Starchild - James Owen - Éditions Kymera

23 octobre 2005 0 commentaire
  • «Toutes les histoires se sont produites... certaines sont simplement fausses.» Le pouvoir des contes, les frères ennemis, et l'amour, toujours l'amour. Des thèmes éternels que James Owen intègre à son étonnant album.

Starchild est une des ces histoires post-modernes qui peuplent la BD américaine depuis quelques années (le Sandman de Neil Gaiman en étant l’un des exemples les plus connus, et le Fables de Bill Willingham un autre plus récent), une histoire à propos des histoires, remplie de mises en abyme que n’aurait pas reniées Jean Potocki, l’auteur du Manuscrit trouvé à Saragosse, ultime mise en abyme qui se mord la queue, dans laquelle les conteurs sont toujours les protagonistes d’une autre histoire. La bande dessinée semble particulièrement adaptée à ces ouroboros littéraires, et Starchild le prouve de belle façon.

Starchild - James Owen - Éditions Kymera

L’une des caractéristiques de ces structures narratives en BD est leur haut degré d’utilisation de références variées, et le volume de James Owen ne faillit pas à la règle. Si G.K. Chesterton, Odin ou Shakespeare peuplaient les pages du Sandman, ici se rencontrent des personnages encore plus variés : le serveur de l’auberge est inspiré du personnage loufoque de Marty Feldman dans le Frankenstein Junior de Gene Wilder ; Neil Gaiman fait office de personnage secondaire ; un cinglé mélange du Marv de Sin City (Frank Miller) parle comme Elmer Fudd, l’éternel et malchanceux adversaire de Bugs Bunny ; et un certain petit personnage vindicatif rappelle à la fois le mutant Marvel Wolverine (il manie d’ailleurs des ustensiles de cuisine qui ressemblent étrangement aux couteaux d’Elektra) et Cerebus, le complexe personnage (malheureusement inconnu en France) de Dave Sim, auto-éditeur célèbre pour avoir réalisé une saga de 300 numéros de son personnage, et qui a également influencé Owen pour le dessin.

Une illustration de Joseph Clement Coll
Le Frankenstein de Wrightson


Car Starchild est également référencé sur le plan visuel : Dave Sim, donc, mais aussi Bernie Wrightson période Frankenstein (l’une des pages de Starchild est un hommage direct au travail de Wrightson) ou John Totleben, l’un des dessinateurs du Swamp Thing scénarisé par Alan Moore. En somme, des dessinateurs dont le dessin descend directement de celui d’illustrateurs comme Joseph Clement Coll : des maîtres du trait, de la hachure, de l’ambiance.

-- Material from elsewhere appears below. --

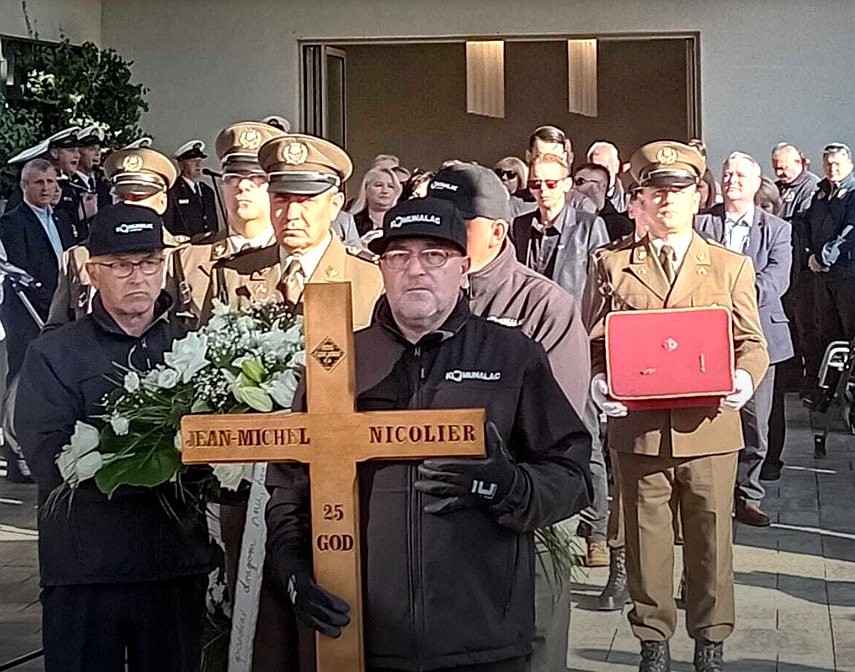 Heroj iz Francuske našao mir u Vukovaru: Hvala ti, Jean-Michel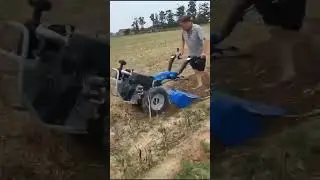 Petrol Operated Two Wheel Walking Tractor #tillage #farming #villagelife #agriculture #workingfarm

John Totleben dessine le Miracleman d'Alan MooreÀ la lecture de cette liste (bien incomplète) de références, on pourrait légitimement craindre que Starchild ne soit aussi indigeste qu’une choucroute au chocolat que l’on aurait fait flamber au Malibu. Il n’en est pourtant rien : la sauce prend. Et quelle sauce !

Dans un monde semble-t-il proche de notre XIXème siècle se déroule une histoire complexe que le lecteur ne découvre que petit à petit, tout comme le protagoniste principal, Anders, fils de l’un des deux frères auxquels ont jadis été confiés une clé qui ouvre sur un étrange jardin emmuré et un « livre sans paroles », tout aussi étrange dépositaire d’histoires - de l’Histoire ? Anders est en possession depuis l’enfance d’un manteau rouge en lambeau, objet de convoitises pour deux autres frères. À cela s’ajoute des relations entre le peuple Fay et les êtres humains, et l’approche du Concilium, rencontre de conteurs à l’importance certaine.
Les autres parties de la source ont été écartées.